As already mentioned, small duct iCCAs show a MF type growth pattern, appearing as whitish or grey nodular lesions in the peripheral hepatic parenchyma. They are composed of small, cuboidal cells with uniform round nuclei, arranged in small sized tubular or acinar structures, with no mucin production (Fig. 4). Less differentiated areas display solid, cord-like, or cribriform patterns. Advanced lesions may show highly sclerotic and hypovascular central areas, with a more solid growth at the periphery. No defined precursor lesions have been reported for small duct iCCAs [3,18,20-22].

Figure 4.

Small duct intrahepatic cholangiocarcinoma is composed of cuboidal cells arranged in small sized tubular or acinar structures, with areas of solid growth pattern, and with no mucin production (hematoxylin-eosin; original magnification 10x).

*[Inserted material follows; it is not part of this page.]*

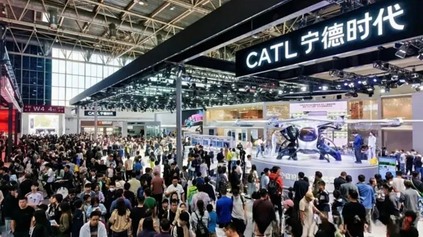 NAJVÄČŠÍ AUTOSALÓN NA SVETE! PEKING LÁME REKORDY A ČÍNA UKAZUJE, KTO DNES ŠÉFUJE AUTÁM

All iCCAs are graded as well-, moderately, or poorly differentiated adenocarcinomas, according to their cell morphology [3].

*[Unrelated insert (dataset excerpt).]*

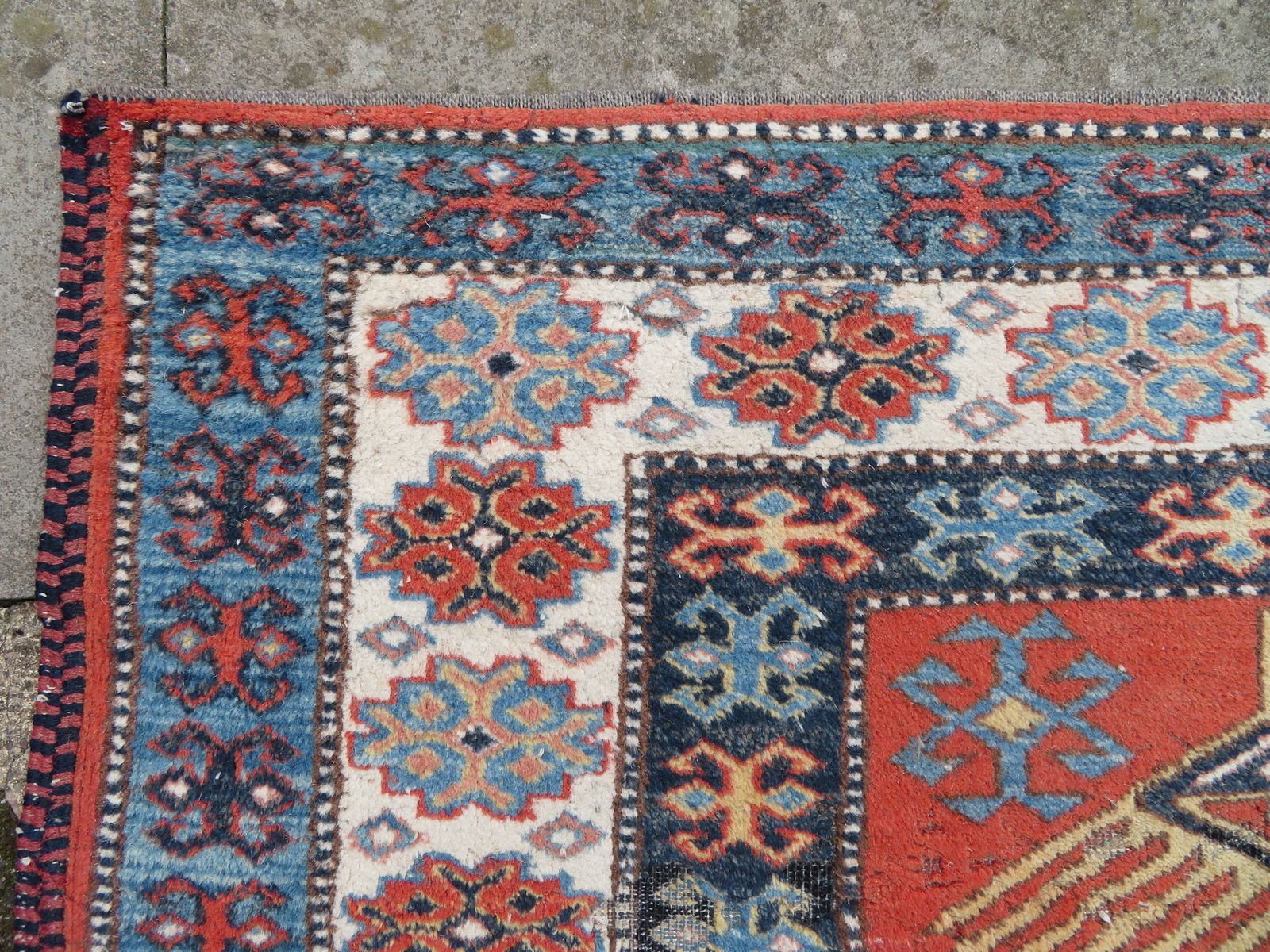 photo vintage Afghan Caucasian Design Rug. Peacocks,Animals,Figures. 172cm X 158cm.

Histological subtypes of small-duct iCCA include cholangiolocarcinoma (CLC) (formerly considered a subtype of combined hepatocellular-cholangiocarcinoma) and iCCA with ductal plate malformation pattern. CLC closely resembles the ductular reaction seen in chronic cholangiopathies, and is diagnosed when more than 80% of ductular configuration is present. In this subtype, malignant ductular-like structures seem to radiate from a portal tract or surround it, in a tubular, cord-like, anastomosing “antler-like” pattern, within a dense and hyalinized fibrotic stroma (Fig. 5). Tumor cells are smaller and cuboidal, with round to oval nuclei and scant cytoplasm. They often show immunohistochemical expression of CD56 (NCAM) and EMA [3,23,24]. iCCA with ductal plate malformation pattern is composed of tumor structures that look like ductal plate malformation, with common presence of inspissated bile, in a dense fibrotic stroma (Fig. 6). Neoplastic cells are benign-looking, resembling biliary epithelial cells. Like CLC, they may stain positive for CD56 (NCAM) and EMA [3,25].

Figure 5.

Cholangiolocarcinoma is made of malignant ductular-like structures, arranged in tubular, cord-like, anastomosing “antler-like” pattern, in a dense hyalinized fibrotic stroma (hematoxylin-eosin; original magnification 10x).

Figure 6.

An intrahepatic cholangiocarcinoma with ductal plate malformation pattern, with tumor structures that look like ductal plate malformation, within a dense fibrotic stroma (hematoxylin-eosin; original magnification 2.5x).

iCCA VARIANTS

Rare variants of iCCA include squamous or adenosquamous carcinoma, lymphoepithelioma-like carcinoma related to Epstein-Barr virus infection, and sarcomatous carcinoma. The latter demonstrate areas of mesenchymal morphology, such as spindle or rhabdoid cell, in association with glandular areas, and are more aggressive than conventional CCAs [3,26] (Fig. 7). A putative novel variant of iCCA, mimicking a neuroendocrine tumor, has been recently described and named cholangioblastic cholangiocarcinoma, due to the presence of blastemal-like areas within the tumor. Histologically, it shows a trabecular and solid/hepatoid growth pattern, with immunohistochemical expression of cytokeratin (CK) 7 and CK19, chromogranin A and/or synaptophysin, and a strong and diffuse expression of inhibin A (Fig. 8). Only a few cases have been described so far, all with an aggressive clinical course, with recurrence and metastasis to the peritoneum, liver, and lungs. The molecular profile of these tumors showed alterations in the TGFβ and WNT signaling pathways, known to regulate ductal plate development [27].

Figure 7.

A sarcomatoid intrahepatic cholangiocarcinoma, with diffuse spindle cell morphology. Numerous mitotic figures are present (A). As conventional intrahepatic cholangiocarcinoma, neoplastic cells diffusely express cytokeratin 7 (B) (A: hematoxylin-eosin; original magnification 20x; B: cytokeratin 7 immunostain; original magnification 20x).

Figure 8.

Cholangioblastic variant of intrahepatic cholangiocarcinoma (A). Tumor cells diffusely express inhibin A (B) and show a granular cytoplasmic positivity for chromogranin A (C) (A: hematoxylin-eosin; original magnification 10x; B: inhibin A immunostain; original magnification 5x; C: chromogranin A immunostain; original magnification 20x).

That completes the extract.